Students Speak: The California Coast: Is it worth protecting?

To celebrate our first 50 years at The Santa Barbara & Ventura Colleges of Law, we’ve asked our students to revisit historical and noteworthy cases.

The future of the California coast is uncertain. Climate change is affecting sea-levels, threatening coastal communities. Although the best science available quantifies future risks, there is no way to predict with absolute certainty the impact our actions or inactions will have in the future. One response to sea-level rise in California—coastal armoring—has potential negative side effects. 

Coastal Act of 1976

In 1972, private development was cutting off public access to the shore. Californians rallied to “Save our Coast.” They created an initiative called Prop. 2o, with the policy objective of preserving, protecting, and, where possible, restoring resources of California’s coastal zone for the enjoyment of current and succeeding generations. Prop. 20 passed, which led to the creation of the Coastal Act of 1976 and the establishment of the California Coastal Commission (CCC). 

Governing sea walls

Section 30235 of the Coastal Act says that sea walls or other forms of construction that alter the natural shoreline process “shall be permitted when required to serve coastal-dependent uses or to protect existing structures or public beaches in danger from erosion, and when designed to eliminate or mitigate adverse impacts on local shoreline sand supply.”

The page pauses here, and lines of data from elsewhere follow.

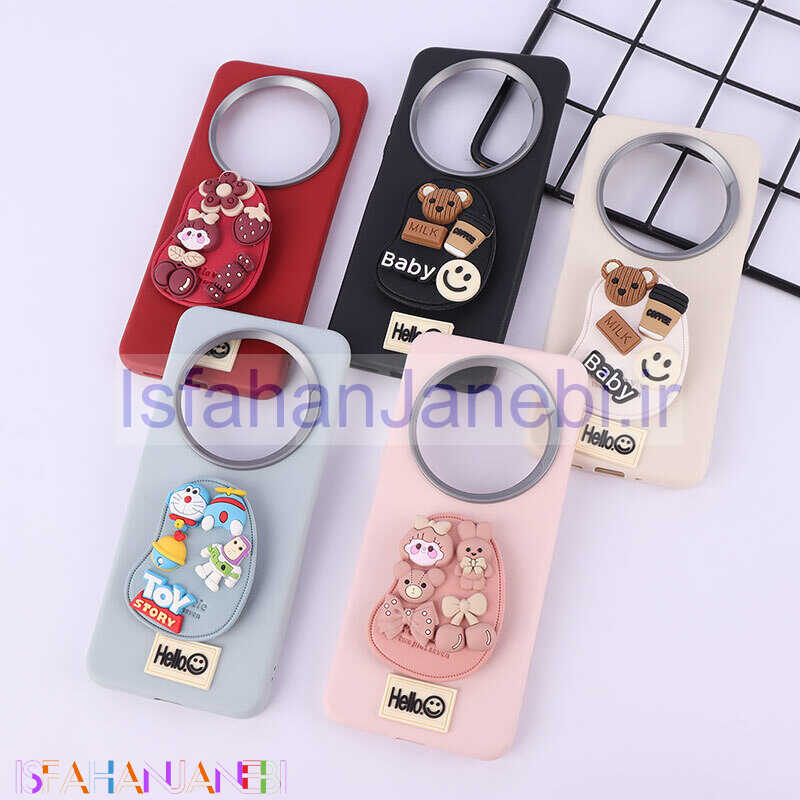 اصفهان جانبی-قاب چرمی ژله ای Leather شیائومی Redmi A4 پاپ سوکت دار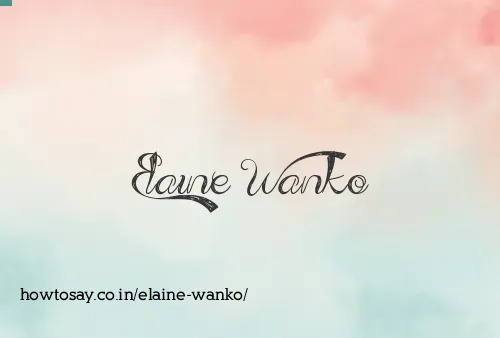 Elaine Wanko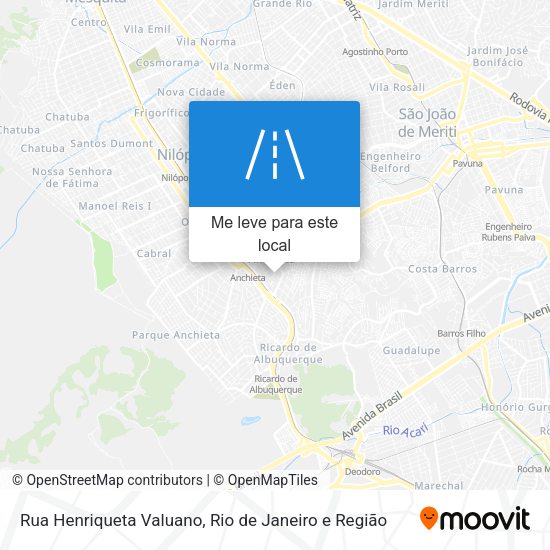 Rua Henriqueta Valuano mapa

Currently, the CCC will permit a shoreline protective device when a property currently meets all of the following criteria:

  1. There is an existing structure, public beach, or coastal dependent use.
  2. It is in danger of erosion.
  3. The shoreline protection is both required to address the danger and designed to eliminate or mitigate impacts on sea supply. 

New projects need to meet stability and structural integrity requirements, but they cannot contribute significantly to erosion, the destruction of the site, or require the construction of a protective device that would substantially alter the bluffs and cliffs. Thus, for new projects, setback requirements are imposed and based on an assessment of the projected erosion and related hazards for the life of the proposed development to ensure there are no adverse impacts. 

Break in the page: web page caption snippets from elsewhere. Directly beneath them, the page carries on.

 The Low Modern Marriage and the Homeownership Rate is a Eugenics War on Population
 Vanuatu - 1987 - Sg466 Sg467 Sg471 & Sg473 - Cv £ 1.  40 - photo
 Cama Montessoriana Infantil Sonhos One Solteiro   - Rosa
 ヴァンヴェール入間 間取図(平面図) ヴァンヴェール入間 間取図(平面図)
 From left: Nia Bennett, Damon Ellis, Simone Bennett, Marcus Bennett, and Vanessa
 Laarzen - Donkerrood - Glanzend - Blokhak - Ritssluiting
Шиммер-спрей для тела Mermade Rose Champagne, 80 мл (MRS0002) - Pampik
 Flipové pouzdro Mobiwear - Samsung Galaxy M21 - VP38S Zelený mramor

The CCC also requires that landowners assume the risk of developing along shorelines and coastal bluffs where the risk of coastal hazards are present. Since the late 1990s, the CCC has approved new developments on the coast with deed restrictions. The deed restrictions prohibit any future construction of shoreline protections for these developments and waive any rights that may exist for a shoreline structure under Section 30235.

The deed restrictions also allow for the protection of shoreline areas for scenic recreation and natural resources. If the development is threatened by erosion and becomes inhabitable, the deed restrictions prohibit the development of shoreline protective devices and require the property owners to remove the development as well as clean up any debris. Thus, the broad legislative intent is to allow shoreline protection for developments that were in existence before passing the Coastal Act, but to avoid such protective structures for new development now subject to it. 

Effects of sea walls

Shoreline protective devices can affect a wide range of other coastal resources and land use that the Coastal Act protects. Shoreline protective devices can impede or degrade public access and recreation along shorelines by occupying beach tidelands and reducing shoreline sand supply.

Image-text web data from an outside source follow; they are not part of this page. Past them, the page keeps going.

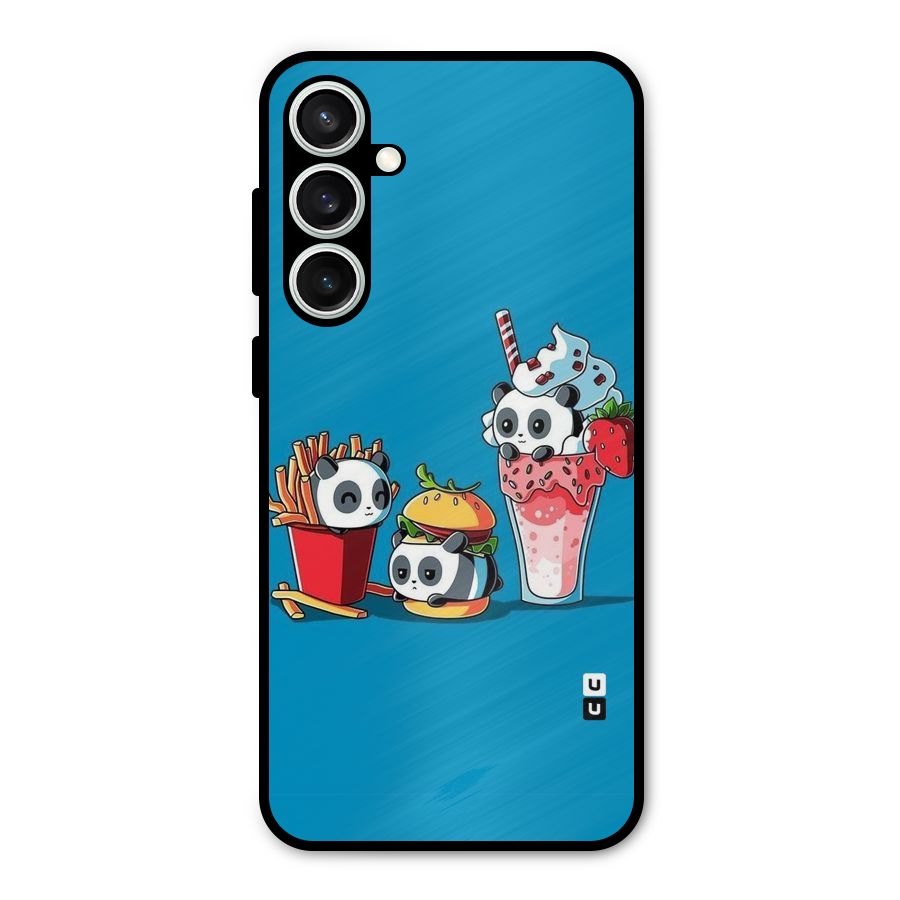 Panda Lazy Metal Back Case for Galaxy S23 FE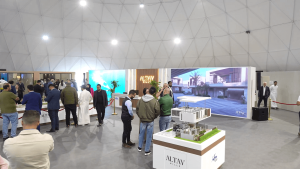 Topaz Events installed 35m Dome Tent for AlTay Hills Project 2024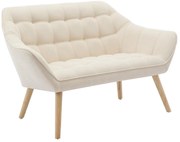 Kanapa 2-osobowa z beżową tapicerką - CASERTA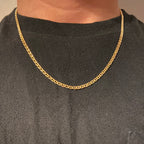 Solid Real 14k Gold Mariner Link Chain 20in 3mm - Prestige Jewelry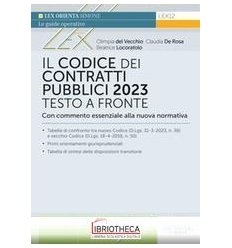 CODICE DEI CONTRATTI PUBBLICI 2023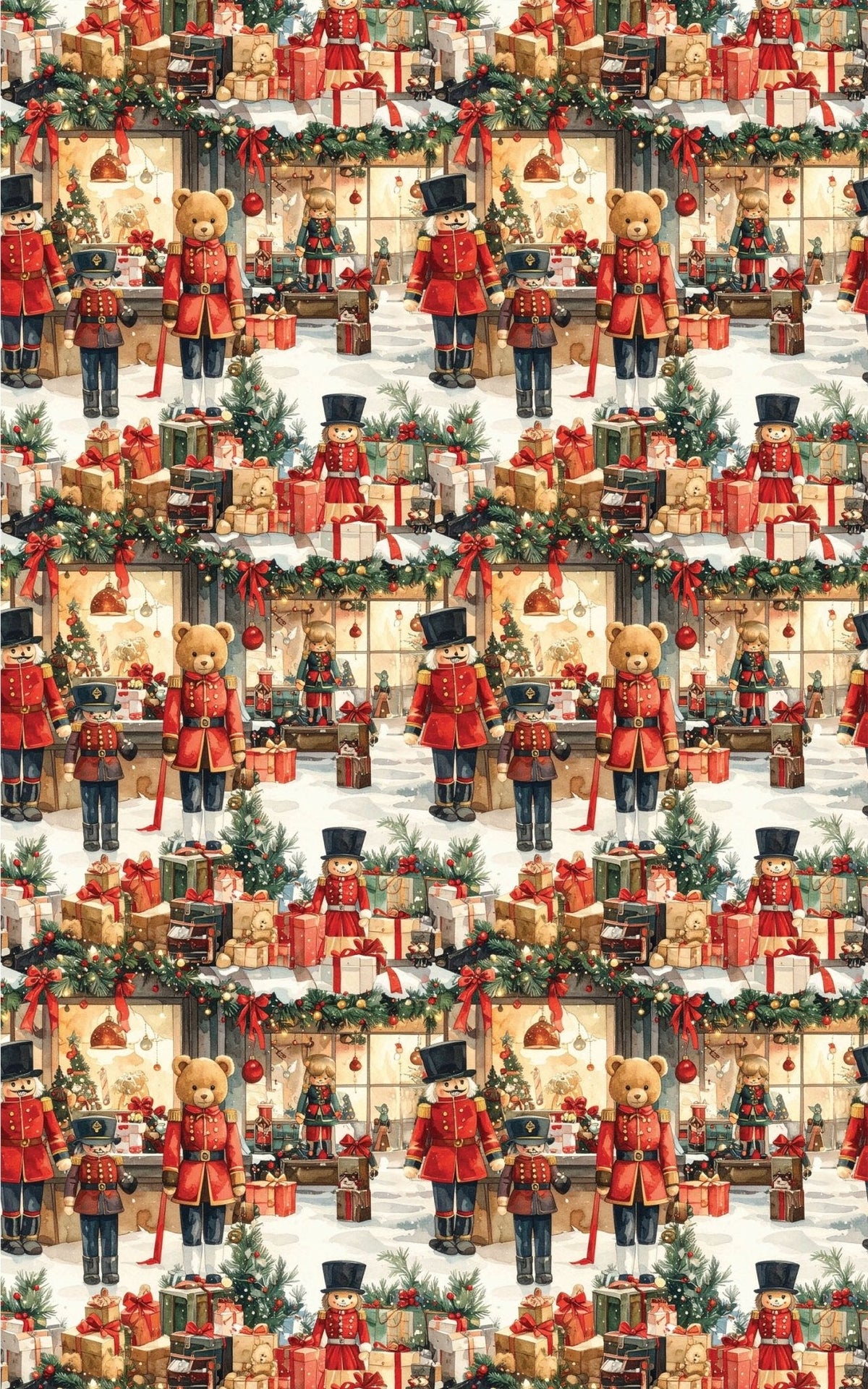 Toy Soldier & Teddy Parade Wrapping Paper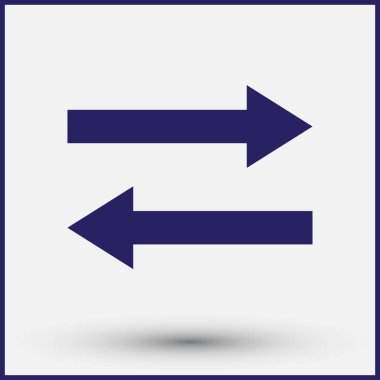 ok düz ikon vektör illüstrasyonu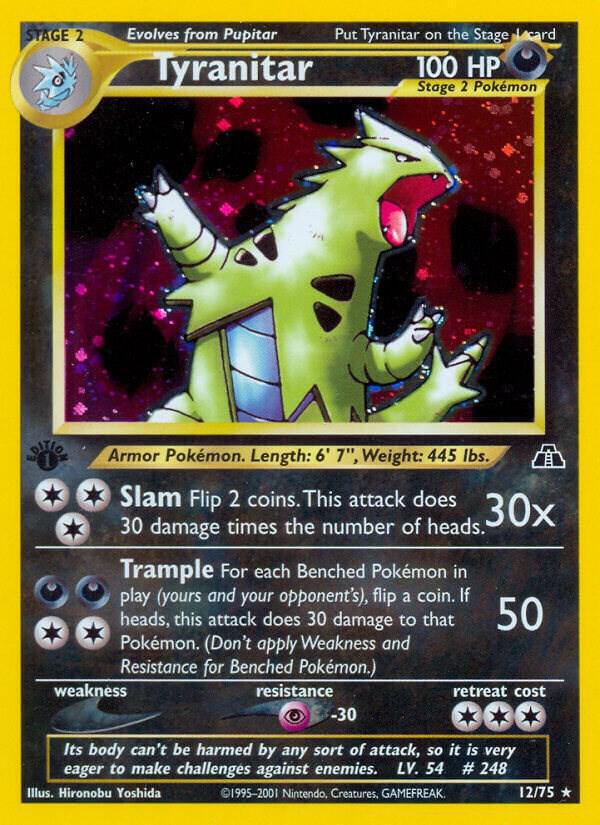 Tyranitar (12) - Neo Discovery (N2)(unlimited)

A shoreline protective device is primarily set at the backside of a beach. The location of the device ultimately leads to the loss of the beach. Thus, shoreline protection structures are a serious concern regarding public access and recreation policies in the Coastal Act. They often degrade the scenic qualities of coastal areas and alter natural landforms. 

Ultimately, they halt shoreline erosion, and by doing so, these devices prevent inland migration of intertidal habitats, salt marshes, beaches, and other low-lying habitats that rising sea levels will inundate. The guidelines for the adverse effects of shoreline protective structures recommend avoiding hard shoreline armoring whenever possible. This effectively denies development in hazardous locations, allows development that is easily removable as the shoreline erodes, and requires new developments to have further setbacks not requiring shoreline protective devices for the life of the projects. 

The future of California

Climate change and sea-level rise is happening now and will have a drastic effect on coastal communities in California. The current trend of greenhouse gas emissions will cause sea levels to rise. Currently, California’s coast is largely affected by seasonal El Nino-driven storms, causing damage to coastal communities. As sea-level rise continues to increase, small storms will cause significant damage, and large events will have unprecedented consequences.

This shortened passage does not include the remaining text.